Black is apparently me after too much sun. My aunty in Bangalore asked, “Who’s going to marry you if you’re so black?”
Black is fetishized dark-skinned South Indian men who are described on PlanetRomeo as “black mallus with big cock.”
Black is the queens of “Paris is Burning” who constantly school me in the politics of performance.
Black is the African men and women in Bangalore who are not allowed into bars because they are assumed to be drug dealers, and prostitutes. They are mostly college students.
Black is the woman at the bakery in Osu, a primary shopping district in Accra, who would tell me how beautiful I was every time I went there with my mother after school. She wore a green apron, hairnet, and clear plastic gloves, and I was always in my school uniform.
Black is the population of African Americans that are unjustly and disproportionately incarcerated. Several of my black friends have family members in the prison system. I do not know anyone in the prison system.

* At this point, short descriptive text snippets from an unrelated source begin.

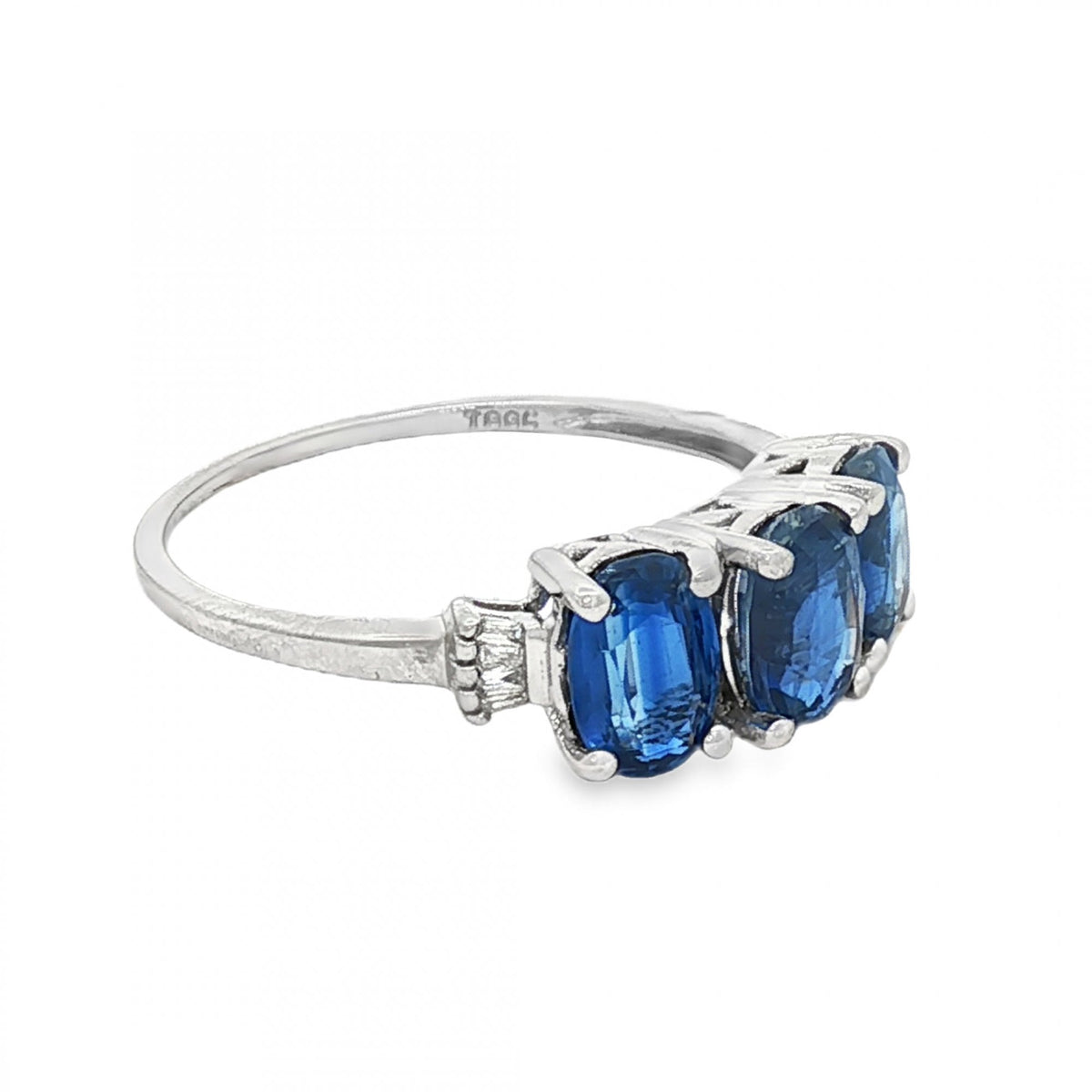 9ct White Gold Sapphire & Diamond Trilogy Ring - Size S - 2.63ct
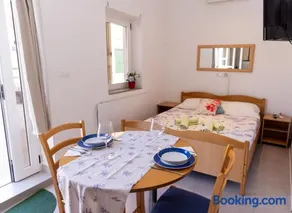 B studio apartment near the beach with sea view - Image 2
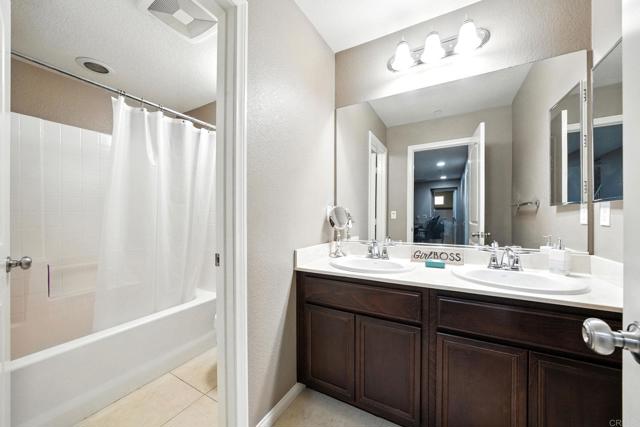 Detail Gallery Image 26 of 48 For 1528 Carpinteria St, Chula Vista,  CA 91913 - 5 Beds | 4 Baths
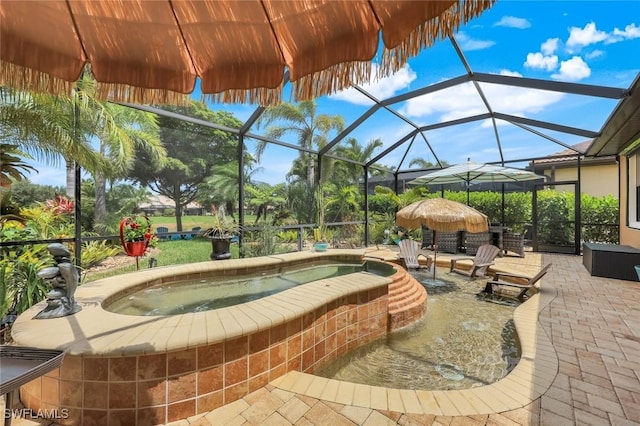 11177 Monte Carlo Blvd, Bonita Springs, FL 34135 - view of pool featuring an in-ground hot tub, a patio, and a lanai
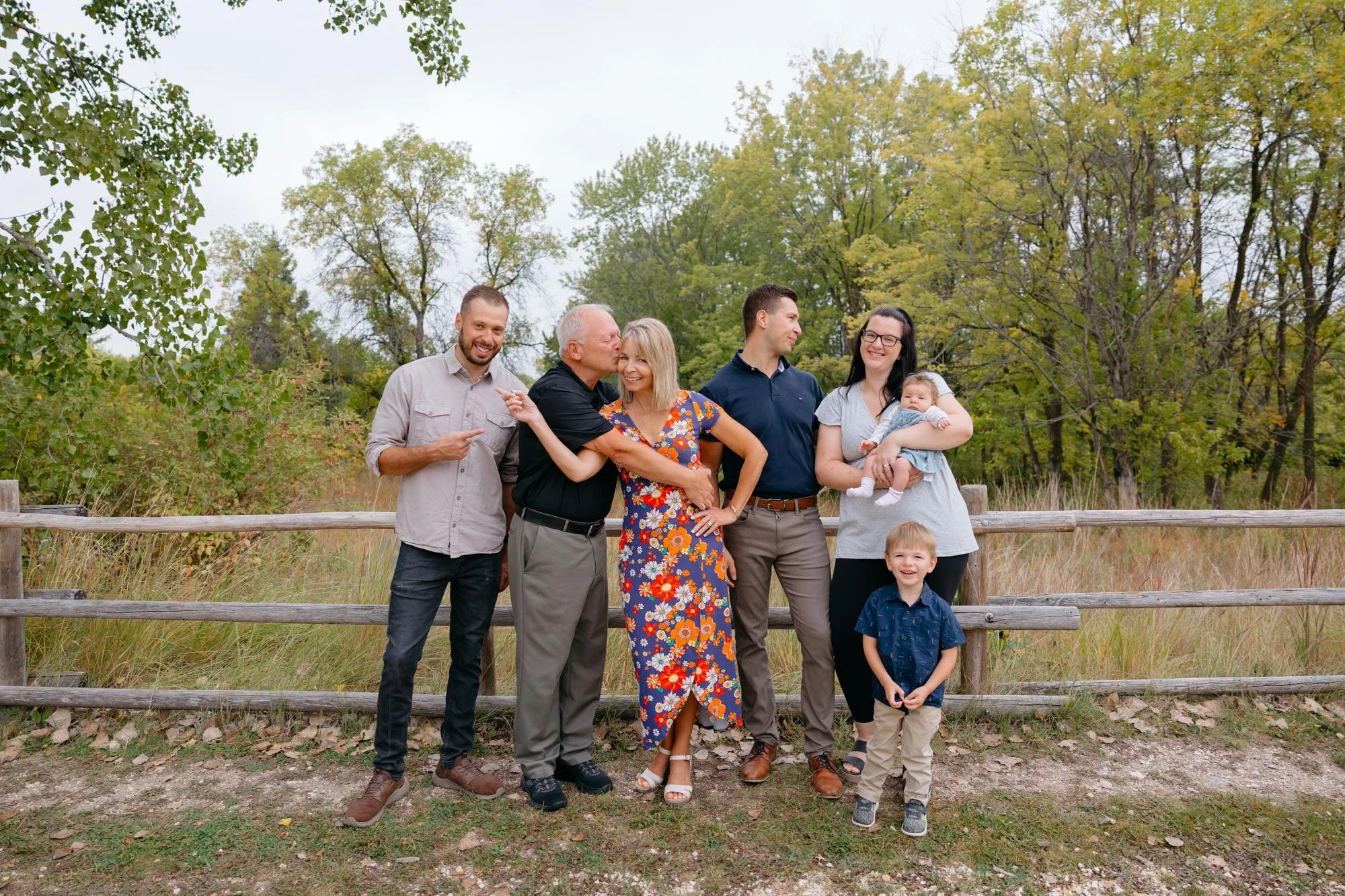 sari-risbey-Winnipeg-family-photographer-15.jpg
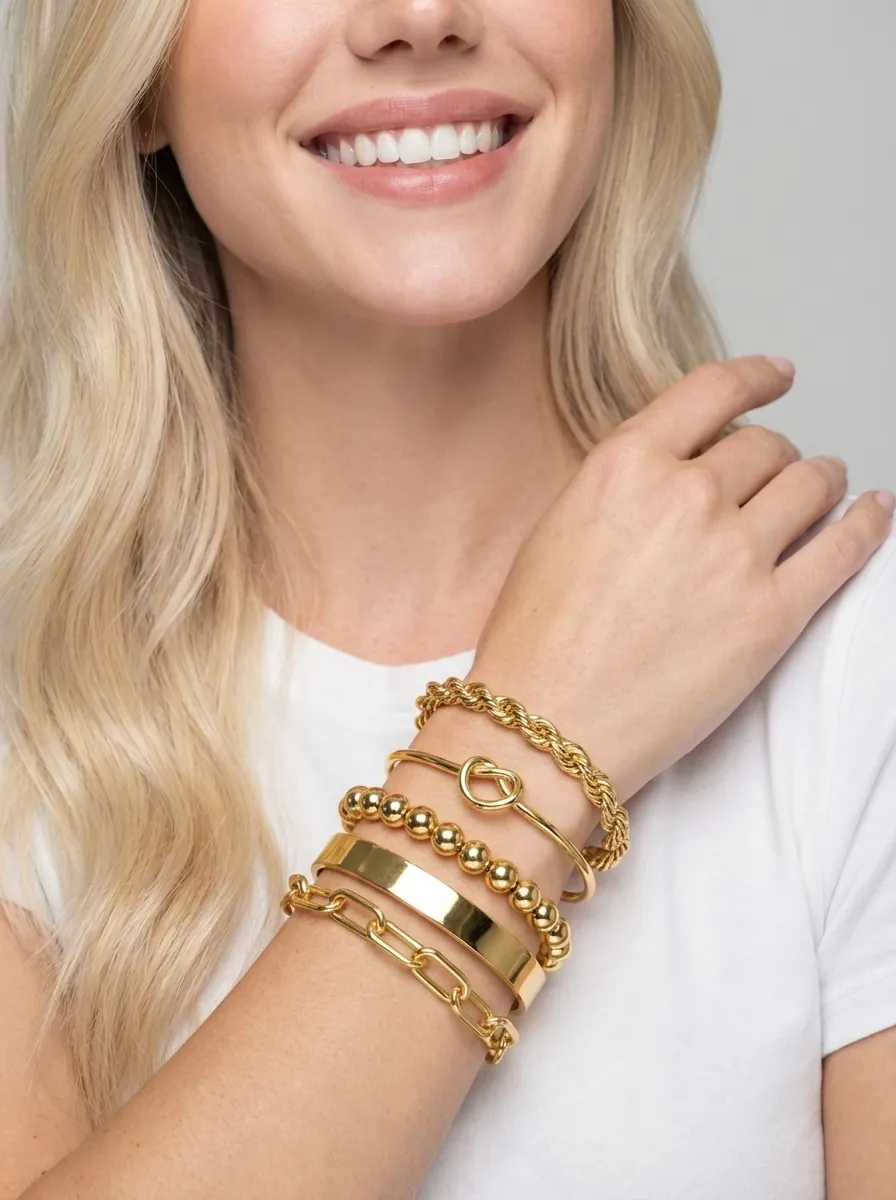 Bracelet luxury scene after background replacement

Black is Eduardo the Dominican boy who I thought was desi and was crushing on in my first week of college. I had never met Latino men prior to being in the U.S.; they don’t all look like Ricky Martin.
Black is Panthro. Even though he was blue, I was always sure he was black. “Thundercats, hoooooooooo!”
Black is the women I have lipsynched to in drag: Rihanna, Nikki Minaj, Martha Wash, Pepper Mashay, Rihanna again.
Black is “Ghettofabulous,” the theme of a fraternity party I organized my sophomore year. A friend asked if this was an offensive theme and I said “no.” He assumed I had the politically correct opinion because I was brown.
Black is my cook’s three-year-old daughter to whom I would say, “Go away” when she tried to watch cartoons with me in the TV room. I was a wicked boy.
Black is Sam, the beautiful barista in Chicago who I thought was desi and hetero. Even when he hit on me by complimenting my glitter-covered Vans.
Black is David, our houseboy in Ghana. Who I hoped would catch me jerking off one day so that we could re-enact the sex stories I read on the internet.
Black is the woman Amitabh Bachchan thinks is dark enough to use as eyeliner. “Jiski biwi kali usska bhi bara naam hai |Aankhon mein basalo surme ka kya kam hai”
Black is Yaw, our driver in Ghana. He wore this ridiculous matching shirt-pant set made from orange upholstery fabric that my mother had gifted him. I had heard my cousin talk about sex with his driver—about how he squeezed his wife’s breasts till they turned blue. So I asked Yaw about his sex life. He avoided my questions.
Black is Simone, my Jamaican floor-mate in my first year of college. I liked the song she was blaring for the floor to hear. When I asked her what song this was, she said, “No, no. It’s nothing,” and switched it off. “From dem a par inna chi chi man car | Blaze di fire mek we bun dem!!!! (Bun dem!!!!) | From dem a drink inna chi chi man bar | Blaze di fire mek we dun dem!!!! (Dun dem!!!!).” It’s really very catchy.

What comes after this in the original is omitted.